YOUR ASSIGNMENT — The answer must repeat every record exactly, with no pictures in it.

Image-caption web data
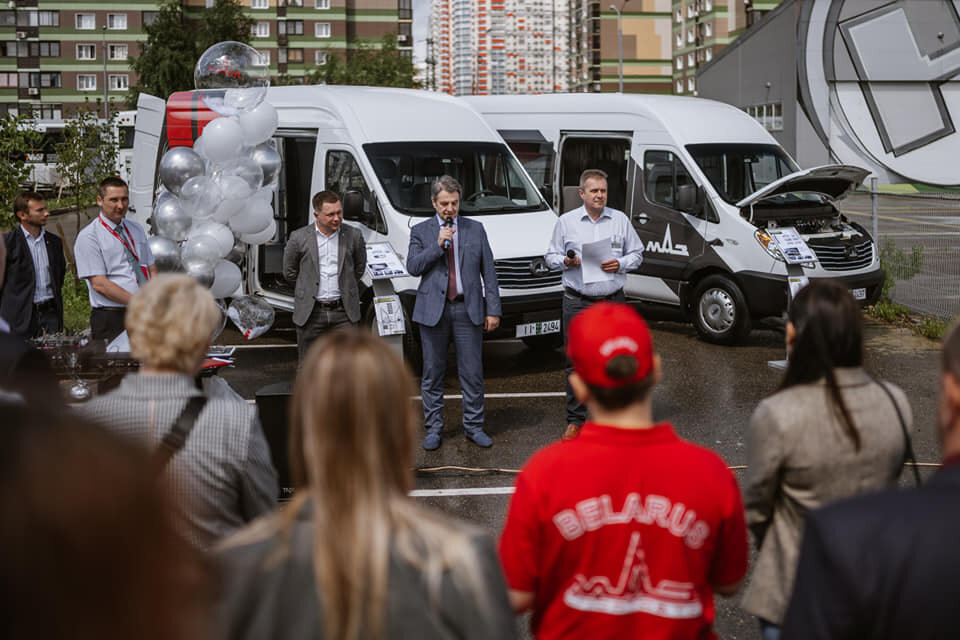 Презентация микроавтобусов МАЗ в Москве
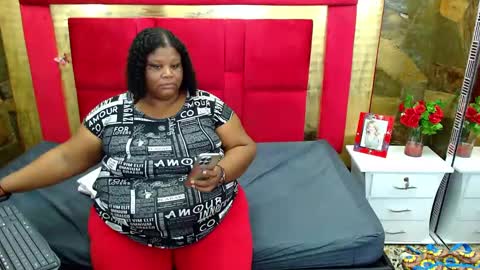 Snapshot of exoticbigmandx chatting on 12-25-24, 04:32 Mandy online show from 12-25-24, 04:32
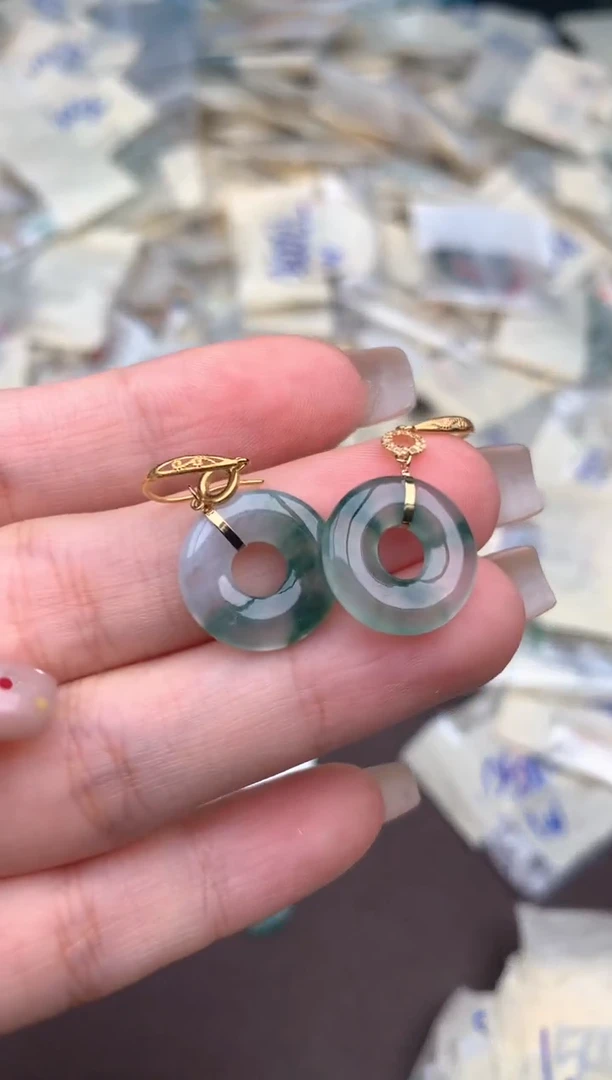 18K金镶嵌挂件翡翠一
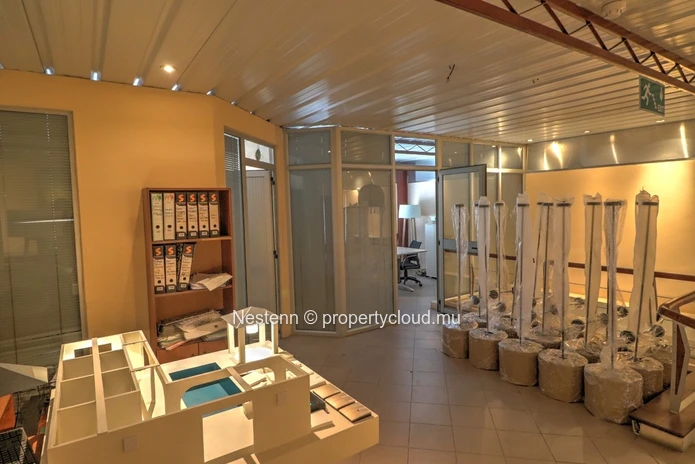 Exceptional commercial space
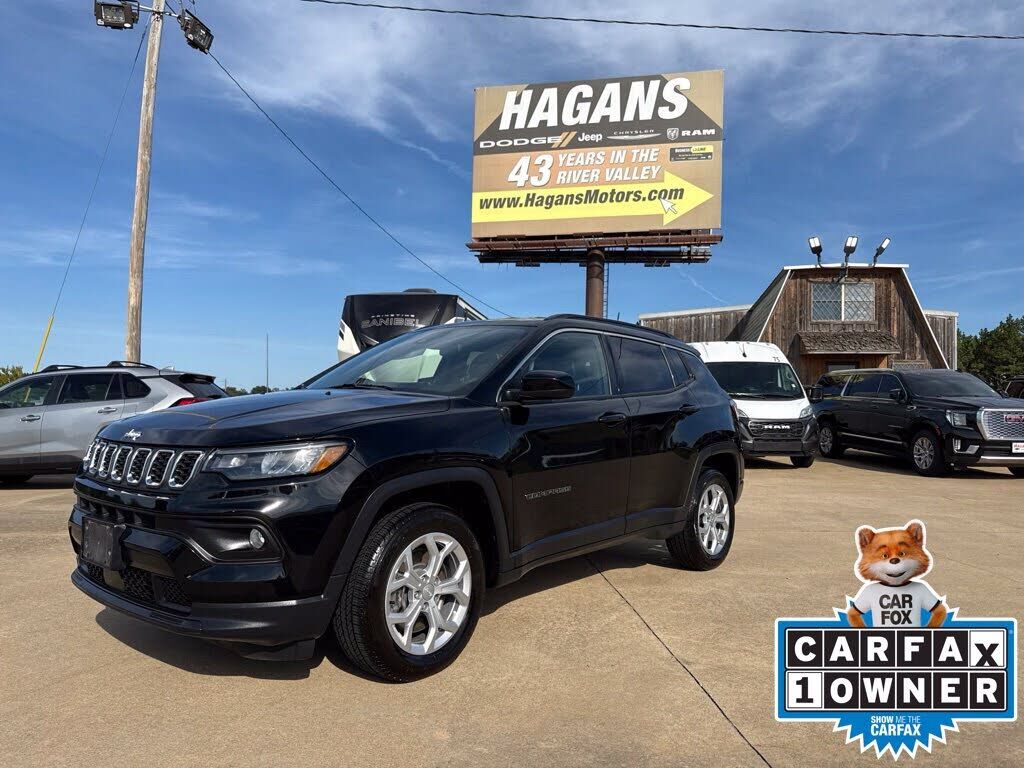 2024 JEEP Compass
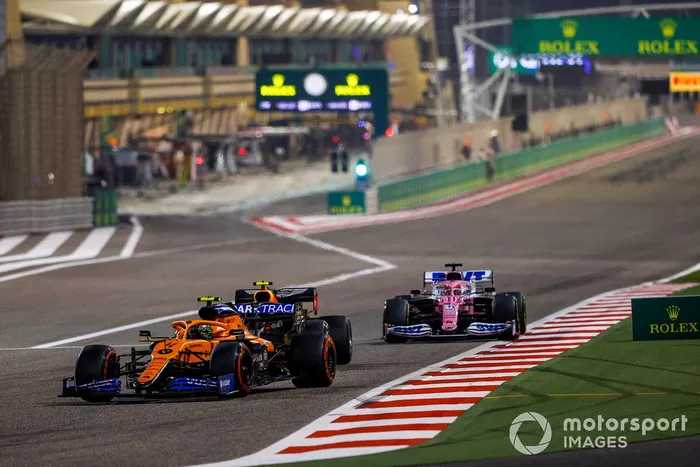 Lando Norris, McLaren MCL35, Alex Albon, Red Bull Racing RB16, Sergio Pérez, Racing Point RP20
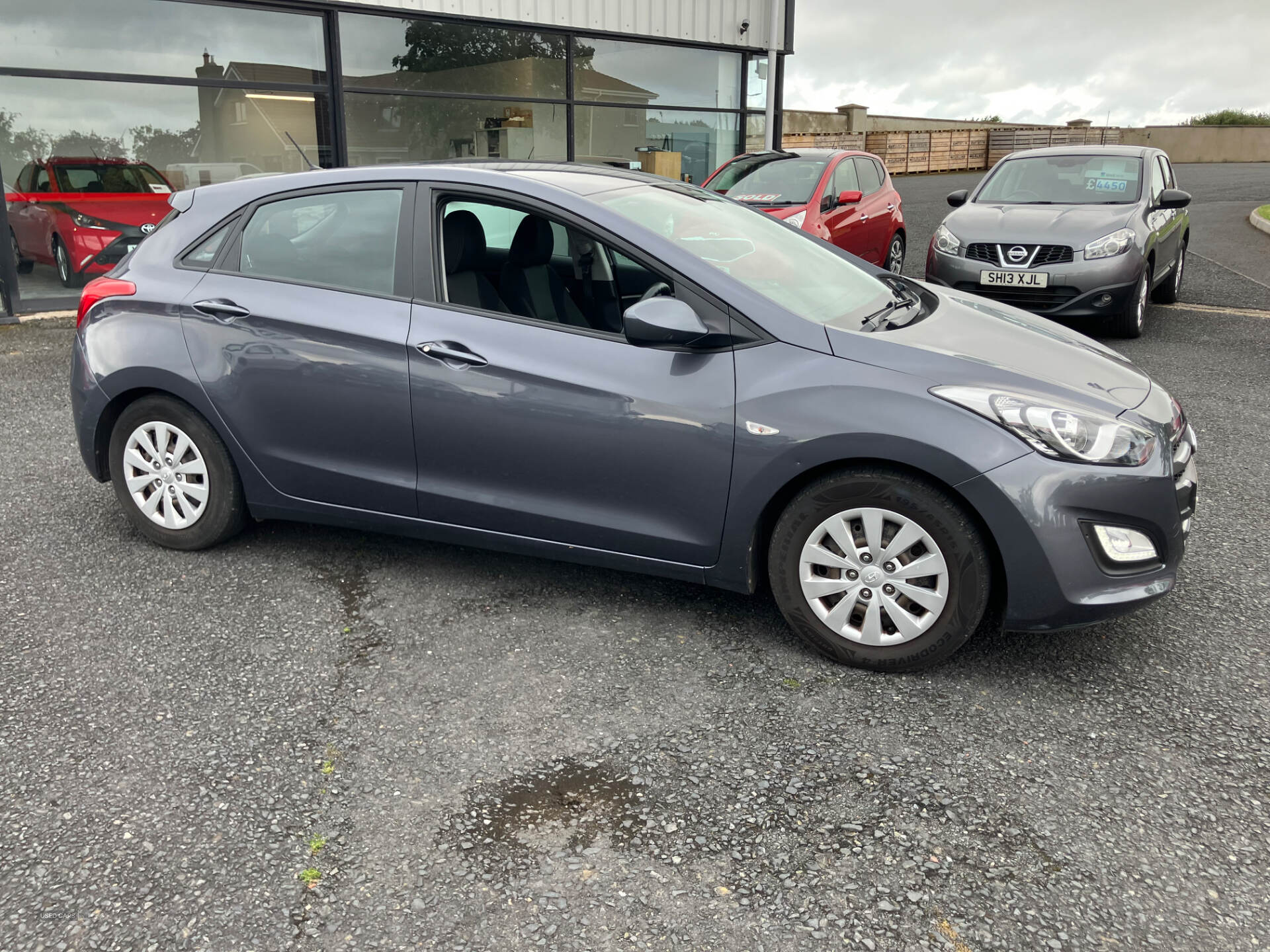 Hyundai i30 HATCHBACK in Armagh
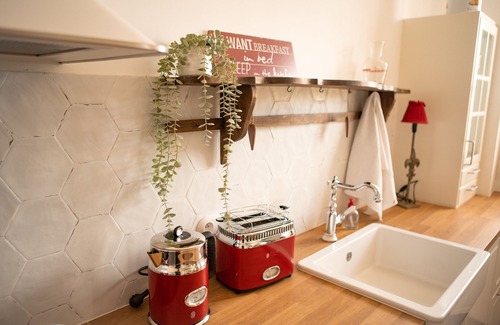 L'Isle-sur-la-Sorgue Apartment | Stilvolle Wohnung im Historischen Stadtkern von L'isle-sur-la-sorgue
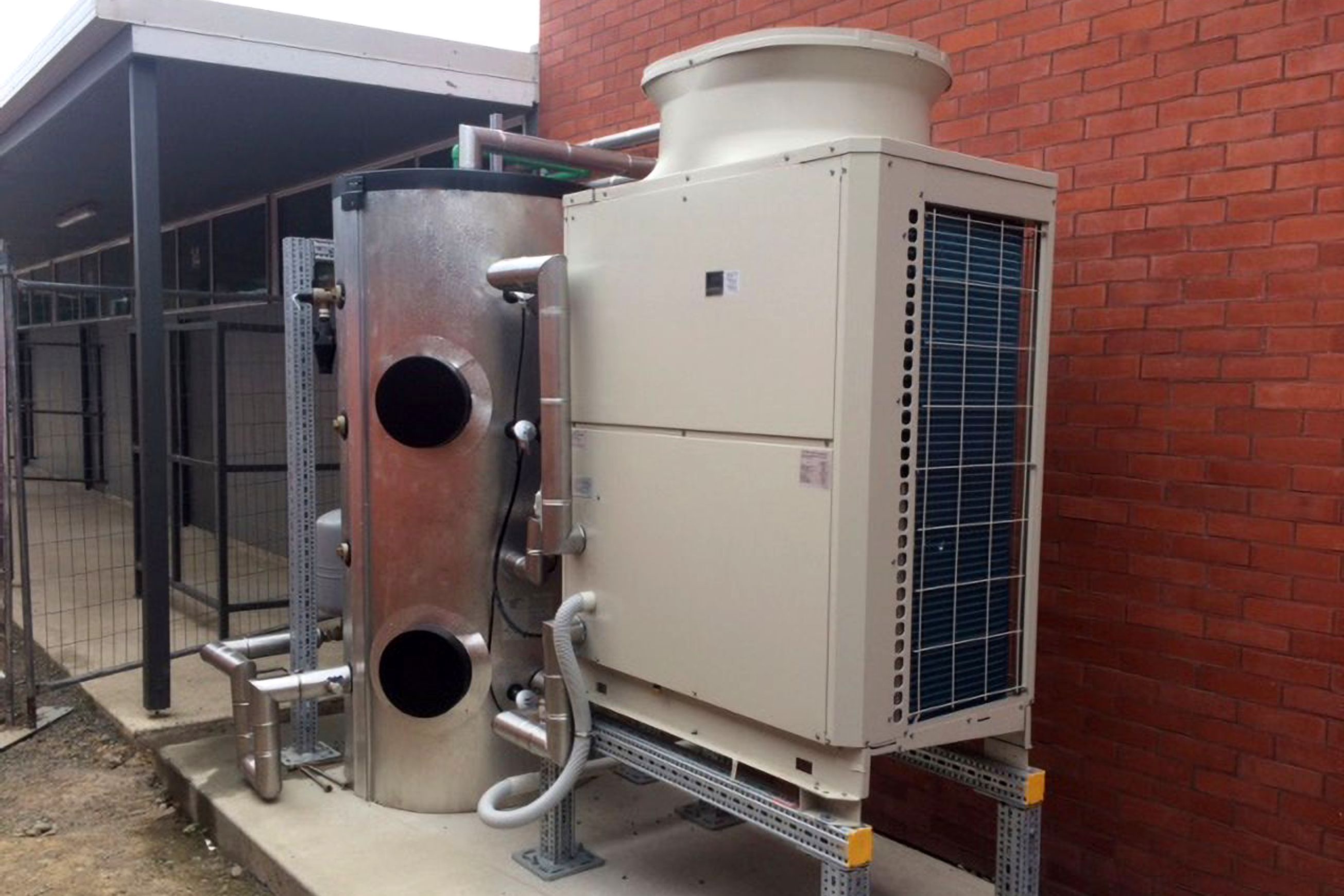 QAHV CO2 Hot Water Heat Pump for Commercial Applications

SOLVED PROBLEM —
 Презентация микроавтобусов МАЗ в Москве
 Snapshot of exoticbigmandx chatting on 12-25-24, 04:32 Mandy online show from 12-25-24, 04:32
 18K金镶嵌挂件翡翠一
 Exceptional commercial space
 2024 JEEP Compass
 Lando Norris, McLaren MCL35, Alex Albon, Red Bull Racing RB16, Sergio Pérez, Racing Point RP20
 Hyundai i30 HATCHBACK in Armagh
 L'Isle-sur-la-Sorgue Apartment | Stilvolle Wohnung im Historischen Stadtkern von L'isle-sur-la-sorgue
 QAHV CO2 Hot Water Heat Pump for Commercial Applications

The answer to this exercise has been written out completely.